Вторая новелла - “Золотые часы”. Буч убивает противника на ринге. Поскольку все ставили на противника, Бучу очень даже причитается. Такси. Мотель. Фабиана забывает дома часы. Он возвращается за ними. На кухне автомат с глушителем. В сортире - Вега. Убивает его из его же автомата. По дороге в мотель встречает М.У. и сбивает его машиной. Погоня. Заскакивают в какой-то магазинчик (комиссионный?). Драка. Хозяин берет обоих в полон. Две мухи в паутине. Два маньяка - хозяин Мейнарт и коп Зед. В подвале в ящике какой-то монстр в коже по имени “Урод”. Урод сторожит Буча, маньяки насилуют Уоллэса. Буч освобождается от пут, вырубает Урода, сначала хочет бежать, но, услышав стенания бедного мафиози, возвращается с мечом и кромсает хозяина. М.У. отстреливает Зеду яйца. Договор: М.У. списывает ему все долги, а Буч за это держит язык за зубами о том, что произошло в подвале и сегодня же убирается прочь из города. Буч и Фабиана уезжают на мотоцикле Зеда.
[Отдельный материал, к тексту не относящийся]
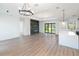 Open living room with fireplace and sliding glass doors at 3782 Horace Ave, North Port, FL 34286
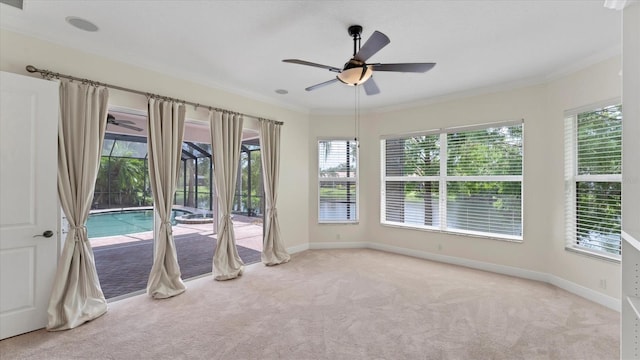 empty room with light carpet, ornamental molding, and plenty of natural light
Третья - The Bonnie situation. Действие возвращается к истории с кейсом. Оказывается, что в ванной - еще один молодчик с пушкой. После расстрела своих друзей он выскакивает, беспорядочно стреляет в Вегу и Джулса, но... промахивается (его убивают первой же пулей). Для Джулса это рука провидения, божественное вмешательство, чудо. Сам Бог отвел от них пули. Он решает отойти от дел. Последнего мальчишку они берут с собой. В.В.: “А ты, Марвин, что думаешь об этом чуде?” Пушка стреляет “сама”, Марвин теряет голову. Джими. Гараж. 8 утра. “Когда ты подъезжал к моему дому, ты видел вывеску во дворе “Здесь склад мертвых негров”? Нет? А знаешь, почему ты ее не видел? Потому что ее там нет!” Жена, Бонни, должна вернуться через час с работы (из ночной смены). Звонок М.У. М.У. звонит Уинстону Вульфу - специалисту по решению проблем. Уборка. Труп - в багажник. Вульф моет горе-старателей из шланга во дворе и надевает на них футболки и трусы. Северный Голливуд. Кладбище машин монстра Джо. Парочка на такси возвращается восвояси. Кафетерий. Джулс опять про озарение. Стану странником, буду жить духовной жизнью. Вега по-прежнему сомневается в чуде. Идет в сортир. Ограбление. Обезоруживают нападающую парочку. В конце спокойно с кейсом выходят вон. Конец фильма.

Чем примечателен Pulp Fiction? В нем нет начала и конца. Он закольцован - заканчивается тем, с чего начинается, - с ограбления. Но это не просто кольцевая композиция. Три новеллы: “Винсент Вега и жена Марселлуса Уоллэса”, “Золотые часы” и “The Bonnie situation”. Им предшествуют начало ограбления (до титров) и история с кейсом. Оба этих эпизода образуют отдельную историю, которая начинается до основных новелл и заканчивается в рамках The Bonnie situation. Вопрос: заканчиваются ли или образуют отдельную (четвертую) новеллу начало и конец фильма? Новеллы накладываются одна на другую, продолжаются после того, как они закончились... В первой же Винсент и Джулс приходят к боссу в тех футболках и трусах, в которые их одел Вульф в конце третьей новеллы и в которых они выходят из кафетерия. То есть они попадают в первую новеллу... после конца фильма! Вторая новелла (“Золотые часы”) по сути начинается в самом начале первой, когда Буч предстает пред светлы очи М.У., который нанимает его драться в купленном бою. Да, но Винсент Вега попадает в дом к Бучу, когда Джулс уже покидает мафию. Значит, вторая новелла оказывается последней - после истории с Бонни. Но это фабульно. А по сюжету выходит, что Винсент Вега погибает в середине фильма! То есть он ни жив, ни мертв. Кино - опыт смерти, опыт преодоления смерти, но Тарантино всю свою философию смерти вгоняет без остатка в комический сюжет. В “The Bonnie situation” действие возвращается к истории с кейсом - то есть к тому, что было вообще до первой новеллы!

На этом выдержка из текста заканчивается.